**Problem requirements**
Everything from the line containing "Used 2024 Land" through the final line below must be output exactly, both ends included, with nothing else and no pictures.

**Data shown**
---*---
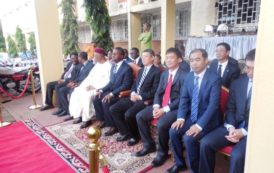 Cérémonie d’au revoir et d’accueil des 18ème et 19ème Mission Médicale Chinoise au Cameroun [Photos]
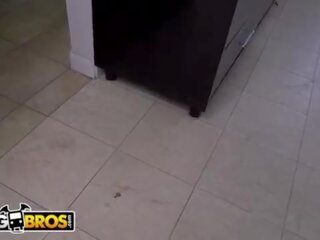 Bangbros - warga latina pembantu rumah kylie rogue mendapat fucked oleh tony rubino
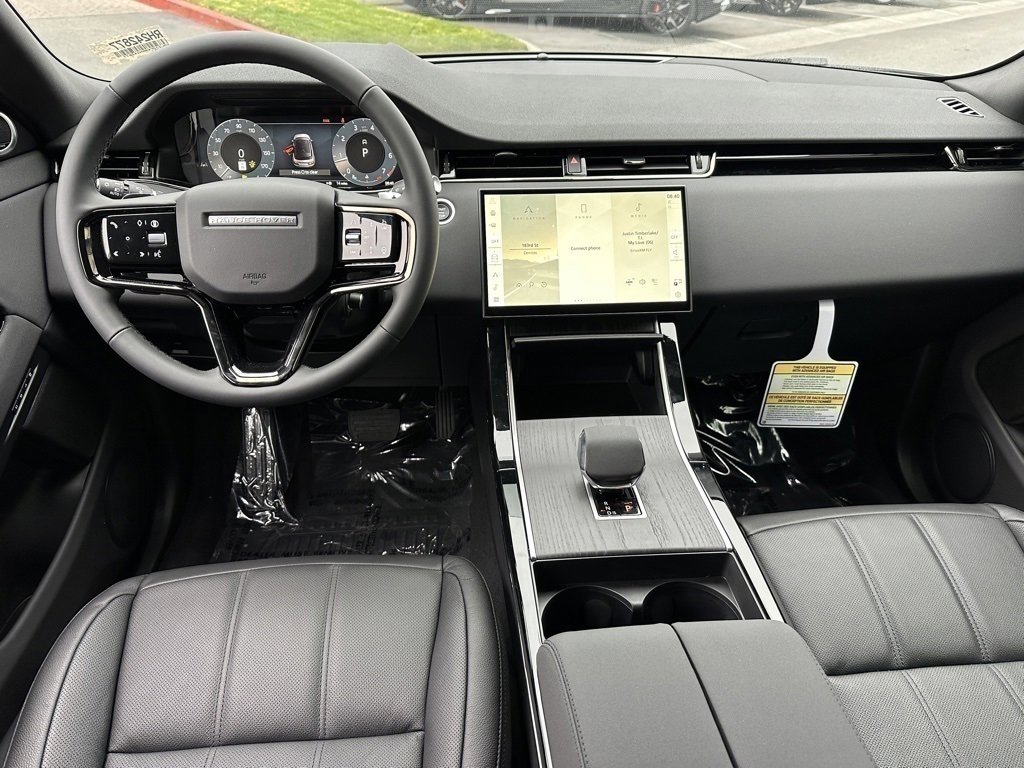 Used 2024 Land Rover Range Rover Evoque S image 26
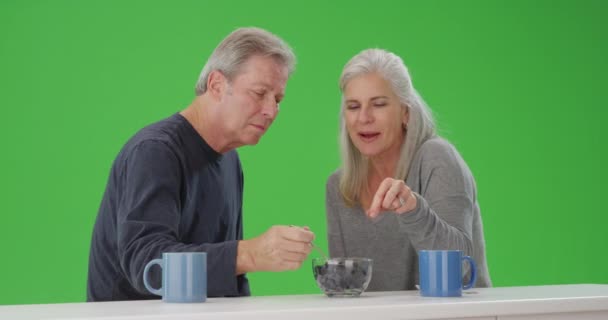 Paar Hoge Kaukasische Mensen Delen Schaal Met Fruit — Stockvideo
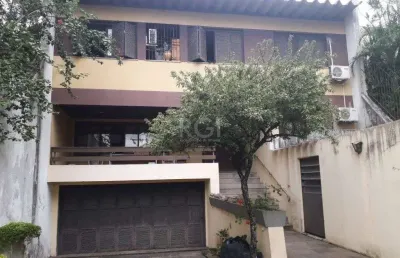 Casa para venda - 311m², 4 dormitórios, sendo 2 suites, 4 vagas - glória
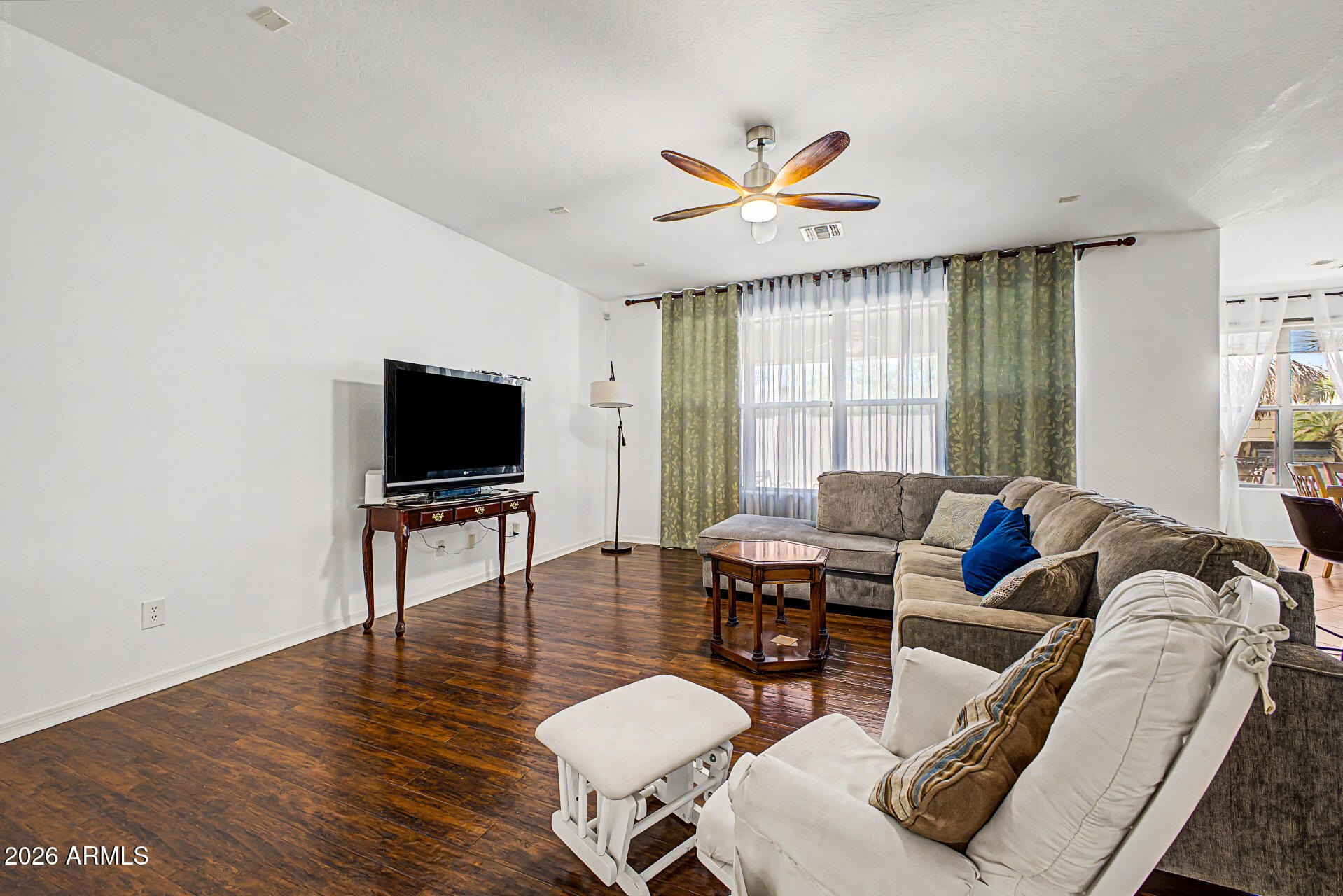 PALM VALLEY PHASE 5 PARCELS 15 16 - Residential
---*---
**Result of the exercise**
 Used 2024 Land Rover Range Rover Evoque S image 26
 Paar Hoge Kaukasische Mensen Delen Schaal Met Fruit — Stockvideo
 Casa para venda - 311m², 4 dormitórios, sendo 2 suites, 4 vagas - glória
 PALM VALLEY PHASE 5 PARCELS 15 16 - Residential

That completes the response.